▸ Task details:
Only the lines that hold "Girls" should be in the answer, each copied from the data below.
[Data records]
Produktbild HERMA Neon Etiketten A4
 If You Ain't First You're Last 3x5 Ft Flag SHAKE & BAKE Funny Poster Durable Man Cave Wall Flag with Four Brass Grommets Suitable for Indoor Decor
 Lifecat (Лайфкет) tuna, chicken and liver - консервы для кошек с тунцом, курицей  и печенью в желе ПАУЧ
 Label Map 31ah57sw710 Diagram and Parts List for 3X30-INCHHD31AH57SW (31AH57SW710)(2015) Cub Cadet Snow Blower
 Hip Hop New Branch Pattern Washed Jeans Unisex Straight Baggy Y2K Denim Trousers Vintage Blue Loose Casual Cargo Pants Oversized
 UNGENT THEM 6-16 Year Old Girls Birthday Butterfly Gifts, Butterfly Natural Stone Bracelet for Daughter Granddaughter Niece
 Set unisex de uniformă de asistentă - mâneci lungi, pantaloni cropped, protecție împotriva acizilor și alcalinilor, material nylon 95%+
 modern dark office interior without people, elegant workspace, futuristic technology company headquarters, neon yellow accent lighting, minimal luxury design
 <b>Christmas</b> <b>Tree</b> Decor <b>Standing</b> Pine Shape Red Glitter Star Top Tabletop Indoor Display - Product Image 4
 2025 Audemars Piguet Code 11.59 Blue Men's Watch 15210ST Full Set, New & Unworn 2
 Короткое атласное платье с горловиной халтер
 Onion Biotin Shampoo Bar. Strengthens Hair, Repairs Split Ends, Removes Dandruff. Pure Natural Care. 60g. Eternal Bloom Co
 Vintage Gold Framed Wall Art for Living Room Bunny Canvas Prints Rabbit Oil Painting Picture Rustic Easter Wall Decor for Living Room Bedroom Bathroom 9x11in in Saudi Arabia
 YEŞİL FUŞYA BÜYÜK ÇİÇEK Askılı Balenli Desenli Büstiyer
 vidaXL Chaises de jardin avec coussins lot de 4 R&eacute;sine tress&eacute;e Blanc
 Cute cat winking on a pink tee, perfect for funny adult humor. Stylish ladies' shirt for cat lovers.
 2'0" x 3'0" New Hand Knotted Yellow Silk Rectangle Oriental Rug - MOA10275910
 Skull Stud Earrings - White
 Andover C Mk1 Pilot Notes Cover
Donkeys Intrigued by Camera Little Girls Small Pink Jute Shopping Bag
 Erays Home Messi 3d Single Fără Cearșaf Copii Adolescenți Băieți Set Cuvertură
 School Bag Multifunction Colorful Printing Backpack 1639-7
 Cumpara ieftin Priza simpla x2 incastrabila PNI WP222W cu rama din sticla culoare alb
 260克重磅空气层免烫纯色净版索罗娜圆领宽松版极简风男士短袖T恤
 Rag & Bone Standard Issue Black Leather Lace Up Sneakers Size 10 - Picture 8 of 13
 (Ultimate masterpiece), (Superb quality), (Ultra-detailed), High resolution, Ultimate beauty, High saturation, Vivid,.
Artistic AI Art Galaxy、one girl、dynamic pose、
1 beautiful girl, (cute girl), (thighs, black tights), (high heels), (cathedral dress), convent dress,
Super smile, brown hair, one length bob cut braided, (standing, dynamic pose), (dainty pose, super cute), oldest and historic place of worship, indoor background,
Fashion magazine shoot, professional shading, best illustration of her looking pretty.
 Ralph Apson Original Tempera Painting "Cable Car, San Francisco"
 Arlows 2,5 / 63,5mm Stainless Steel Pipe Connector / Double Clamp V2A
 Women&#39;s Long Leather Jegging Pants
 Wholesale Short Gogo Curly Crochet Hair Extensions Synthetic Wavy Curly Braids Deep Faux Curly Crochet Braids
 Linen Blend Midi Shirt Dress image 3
[/Data records]
▸ Response area:
 UNGENT THEM 6-16 Year Old Girls Birthday Butterfly Gifts, Butterfly Natural Stone Bracelet for Daughter Granddaughter Niece
Donkeys Intrigued by Camera Little Girls Small Pink Jute Shopping Bag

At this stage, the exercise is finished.